5 Best Christmas Markets in Vienna, Austria

It's that time of the year again, time for decoration on trees with colorful lights, time for gifts and sharing, time to build a snowman, spreading love and joy all around, it's time for Christmas again. So here is for you the ultimate guide for the best Christmas Markets in Vienna in Austria.

Christmas Markets in Europe and Vienna is an age old tradition, dating back to 1298, when the city had its first December market or so called Krippenmarkt.

Since then a lot has changed but the festive spirit of Christmas remained the same. As you walk through the streets of Vienna, a sense of cosiness oozes not only from it's classy cafes but heartwarming aromas of roasted chestnuts, delicious scent of cinnamon and punch, emanating from dozens of Christmas markets around the city. Frankly speaking, if you can't get into the spirit of Christmas in Vienna, you probably never will.

Best Christmas Markets Vienna, Austria

In this article you will get to know everything about the best Christmas Markets of Vienna.

1. Christmas World at Rathaus

This is the biggest, the prettiest and probably the most popular Christmas market of Vienna. Everything Christmasy you could imagine, you will find it here. From a giant Christmas tree to 3,000 m² ice rink, from international choir singing carols to over 150 stalls selling all kinds of traditional Viennese Christmas treats and warming drinks, Christmas World on Rathausplatz is true Christmas fairyland.

The unique backdrop of gorgeous city hall gives this market a charm of its own, and the delicious aromas are sure to lull all visitors into the seasonal joy.

If you are a couple who enjoys dancing and you do not mind dressing up in black tie and evening gown (these can also be rented, but it is smarter to have one on hand before you leave for your trip), attend a Viennese ball during the season between Christmas and Ash Wednesday. There are also a handful of summer balls like the Concordia Ball (held at the Rathaus), the Fete Imperiale (held at the Spanish Riding School) as well as others.

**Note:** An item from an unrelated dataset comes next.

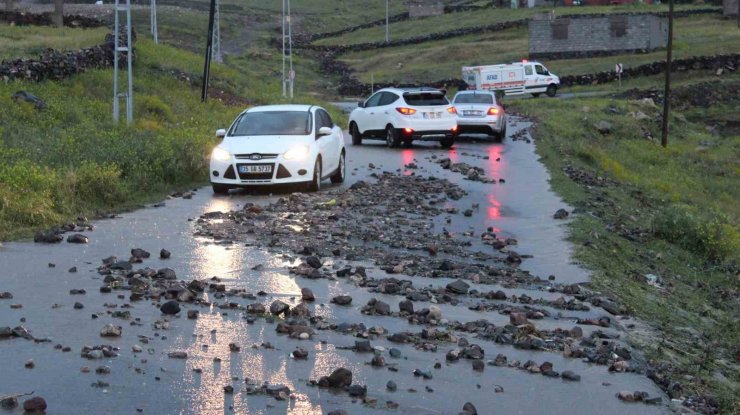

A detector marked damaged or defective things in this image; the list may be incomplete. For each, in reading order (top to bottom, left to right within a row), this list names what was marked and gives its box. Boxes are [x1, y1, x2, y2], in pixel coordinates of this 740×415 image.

It is an experience you will never forget. Check the Viennese Ball Calendar at least six months before heading out, make your choice(s), and also check on-line for tickets around the same time. You can also check YouTube to actually watch parts of the different balls that were filmed by attendees, etc.

There are rooms for different types or styles of dancing, not just the Viennese Waltz, and it is primarily to live music provided by orchestras, big bands, combos, etc. and the best part about the whole thing is that it lasts until dawn. Be sure to participate in the Fledermaus Quadrille (usually danced at midnight) and the Galopp which immediately follows.

You can find tutorials for dancing FQ on YouTube. You might need to purchase tickets for your Sitzplatz (your place to sit between dancing) on such an extended evening.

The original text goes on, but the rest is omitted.